I don't know if its my profession but I really really hate when other people try to dictate you....need to go out more....you need to change your personality....you need to go out and meet prince charming.
let me break this down. never in session will i tell the client what to do. thats madness. so if a paid professional never will tell someone the recipe of making their life perfect...people really need to quit that shit. i have now cut two people out of my life for that. this goes a long with what i wrote previously....if someone is pouring their heart out to you why interrupt that moment with criticism and shaming. its illogical. i want to say that and i never do. im still as much of a chicken shit as I ever was. i never stand up for myself. i find it easier to simply never talk to people again then to say how they hurt me. i get overly emotional...and what does that get me....a criticism that says....you really need to stop being so emotional.

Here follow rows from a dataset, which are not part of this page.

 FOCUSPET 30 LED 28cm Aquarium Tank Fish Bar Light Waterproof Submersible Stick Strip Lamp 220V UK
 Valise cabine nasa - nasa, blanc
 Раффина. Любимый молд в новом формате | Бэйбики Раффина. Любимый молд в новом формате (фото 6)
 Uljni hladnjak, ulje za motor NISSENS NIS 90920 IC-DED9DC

i feel like if i can't win. i can't say whats in my heart because people judge you. and if you keep it inside...the poison becomes unbearable...like i feel right now.
i really want someone other than my family to love me for me. but it honestly feels impossible and if i hear....it'll happens when it happens once more...im going to yell at someone. the sad thing is...i know its not on my time. but seriously...havent I been through enough. haven't i earned it yet. haven't I paid my dues. i have loved so deeply that 4 years later i still feel broken. i know its not someone elses job to make me feel whole or loved and thats an inside deal...but truth is i truly hate myself. i don't see much positive in who i am. it's been going on so long that i can't remember the last time if ever i tolerated myself. i can't say love because i know that has never been there.
i cant even say i tried hard to change my belief systems cause i havent....so we are at the impasse. if you will not put in the work. you are going to continue being stuck here. even know i thought...what does this do for you? well, it provides me with rationalizations as to why im alone. if i am unloveable and im single...makes sense. im thinking what would happen if the belief changed. and i can't think...i may go out more. i may make friends. but what good are friends if you don't trust them. what good is hanging out with people you dont have things in common with. its all so confusing. then i think even further. ive tried to make a mends with old true friends but they have moved passed me. they have found real friends of their own. so what good is it...if i say i miss you and i would like to have what we once had. all ive ever seen is not even getting an answer to that question but i keep on. thinking ill get another chance. i havent yet and i dont know when ill give up but i keep on trying. i do think that i try really hard. to the point of exhaustion more often then not. i guess its cause ive always wanted someone to fight for me....ok correction....ive wanted the ones ive really loved to fight for me.